Scorpaenodes is a widespread genus of marine ray-finned fish belonging to the family Scorpaenidae, the scorpionfishes. The fishes in this genus are found to the Atlantic, Indian and Pacific Ocean.

==Taxonomy==
Scorpaenodes was first formally described as a genus in 1857 by the Dutch physician, herpetologist and ichthyologist Pieter Bleeker, Bleeker designated Scorpaena polylepsis as its type species by monotypy. He had originally described this species from Western Sumatra in 1851. S. polylepsis was later shown to be junior synonym of Scorpaena guamensis which had been described from Guam by Jean René Constant Quoy and Joseph Paul Gaimard in 1824 from Guam. This genus is classified within the tribe Scorpaenini, in the subfamily Scorpaeninae of the family Scorpaenidae.
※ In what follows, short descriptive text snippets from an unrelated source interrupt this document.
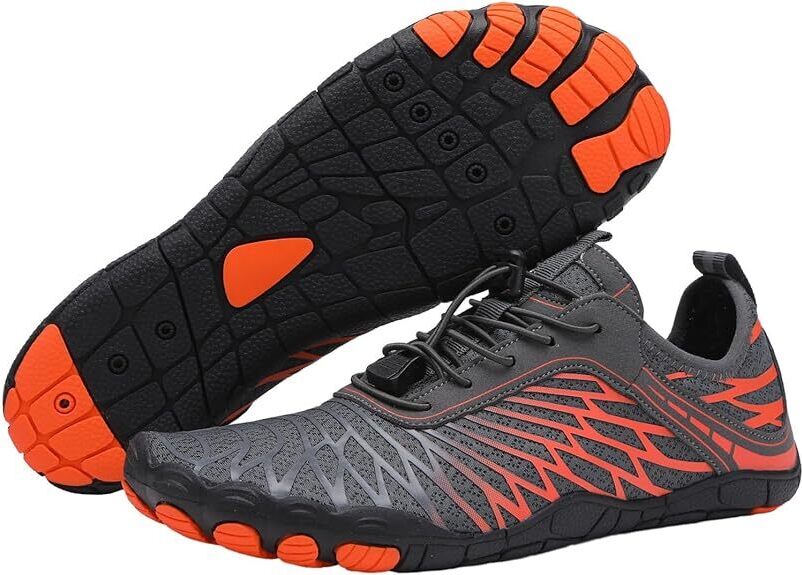 Dámske bosé topánky od Hike Footwear, unisex outdoorové bosé topánky so širokou špičkou, zdravé a protišmykové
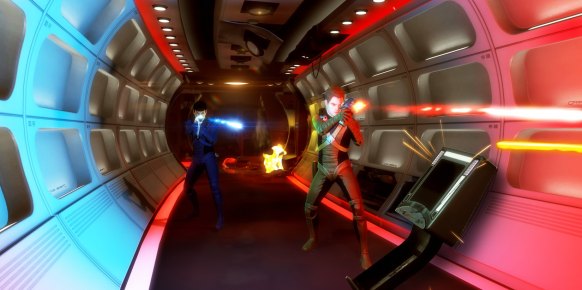 Star Trek X360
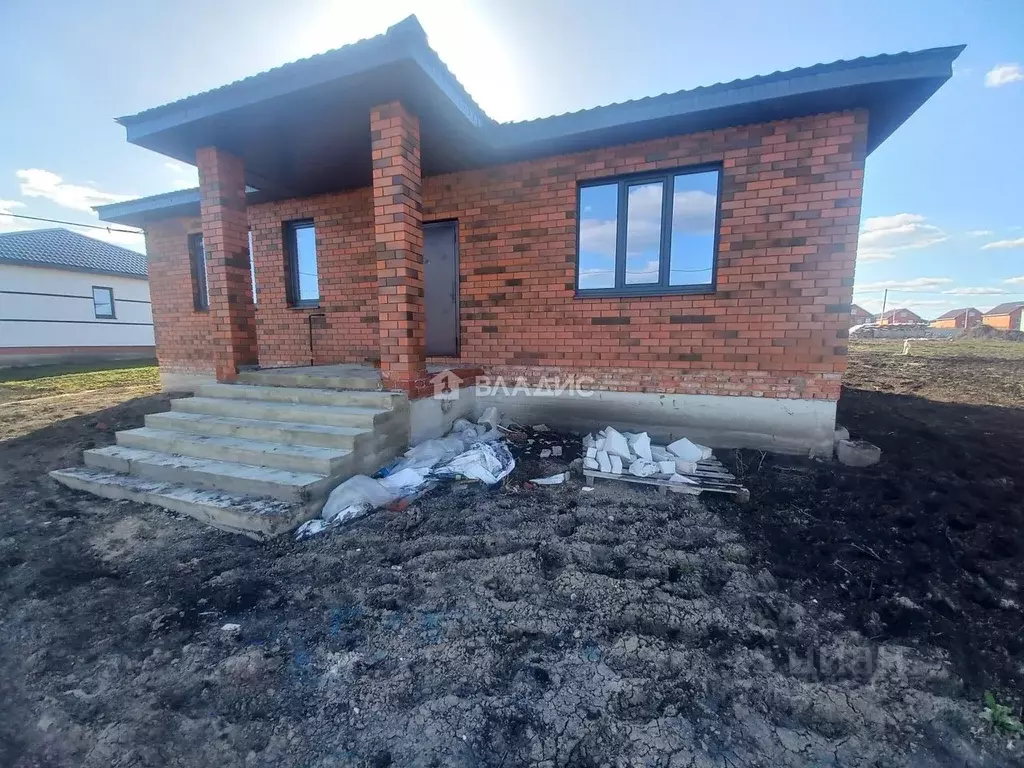 Дом в Пензенская область, с. Бессоновка ул. Магистральная, 12 (122 м) - Фото 0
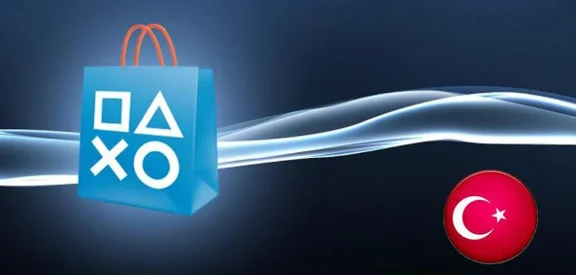 Покупка игр PLAYSTATION|Турция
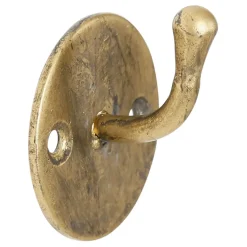 Fabrique de Styles Miroir rond en fer - dorhan* Miroirs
The genus name Scorpaenodes means having the form of Scorpaena the genus Bleeker originally placed the type species in.

==Species==
There are currently 29 recognized species in this genus:
- Scorpaenodes africanus Pfaff, 1933
- Scorpaenodes albaiensis (Evermann & Seale, 1907) (Long-fingered scorpionfish)
- Scorpaenodes arenai Torchio, 1962 (Messina scorpionfish)
- Scorpaenodes barrybrowni Pitassy & C. C. Baldwin, 2016 (Stellate scorpionfish)
- Scorpaenodes bathycolus G. R. Allen & Erdmann, 2012
- Scorpaenodes caribbaeus Meek & Hildebrand, 1928 (Reef scorpionfish)
- Scorpaenodes corallinus J. L. B. Smith, 1957
- Scorpaenodes elongatus Cadenat, 1950 (African spotted scorpionfish)
- Scorpaenodes englerti Eschmeyer & G. R. Allen, 1971 (Englert's scorpionfish)
- Scorpaenodes evides (D. S. Jordan & W. F. Thompson, 1914) (Cheek-spot scorpionfish)
- Scorpaenodes guamensis (Quoy & Gaimard, 1824) (Guam scorpionfish)
- Scorpaenodes hirsutus (J. L. B. Smith, 1957) (Hairy scorpionfish)
- Scorpaenodes immaculatus Poss & Collette, 1990
- Scorpaenodes insularis Eschmeyer, 1971
- Scorpaenodes investigatoris [Eschmeyer & Rama Rao, 1972
- Scorpaenodes kelloggi (O. P. Jenkins, 1903) (Kellogg's scorpionfish)
- Scorpaenodes minor (J. L. B. Smith, 1958) (Minor scorpionfish)
- Scorpaenodes muciparus (Alcock, 1889)
- Scorpaenodes parvipinnis (A. Garrett, 1864) (Low-fin scorpionfish)
- Scorpaenodes quadrispinosus D. W. Greenfield & Matsuura, 2002 (Four-spine scorpionfish)
- Scorpaenodes rubrivinctus Poss, McCosker & C. C. Baldwin, 2010
- Scorpaenodes scaber (E. P. Ramsay & J. D. Ogilby, 1886) (Pygmy scorpionfish)
- Scorpaenodes smithi Eschmeyer & Rama Rao, 1972 (Little scorpionfish)
- Scorpaenodes steenei G. R. Allen, 1977 (Steene's scorpionfish)
- Scorpaenodes steinitzi Klausewitz & Frøiland, 1970
- Scorpaenodes tredecimspinosus (Metzelaar, 1919) (Deep-reef scorpionfish)
- Scorpaenodes tribulosus Eschmeyer, 1969
- Scorpaenodes varipinnis J. L. B. Smith, 1957 (Blotch-fin scorpionfish)
- Scorpaenodes xyris (D. S. Jordan & C. H. Gilbert, 1882) (Rainbow scorpionfish)

==Characteristics==
Scorpaenodes scorpionfishes have a very bony head which is defended by numerous spines and lacks an occipital pit. There is a longitudinal suborbital ridge which has 1-4 spines and may have another row of spines underneath those. There are teeth on the centre of the roof of the mouth but not on its sides. The dorsal fin has 13 spines and between 8 and 10 soft rays while the anal fin has 3 spines and 4 or 5 soft rays, the posteriormost dorsal and anal soft rays are branched. There are 15-20 fin rays in the pectoral fin with the lower rays being branched and the central rays being the longest. The scales are rough and typically extend onto the head. There are small spiny rays at top and bottom of the base of caudal fin. The largest species is S. africanus which has a maximum published total length of 90 cm, however most species are less than 15 cm in length.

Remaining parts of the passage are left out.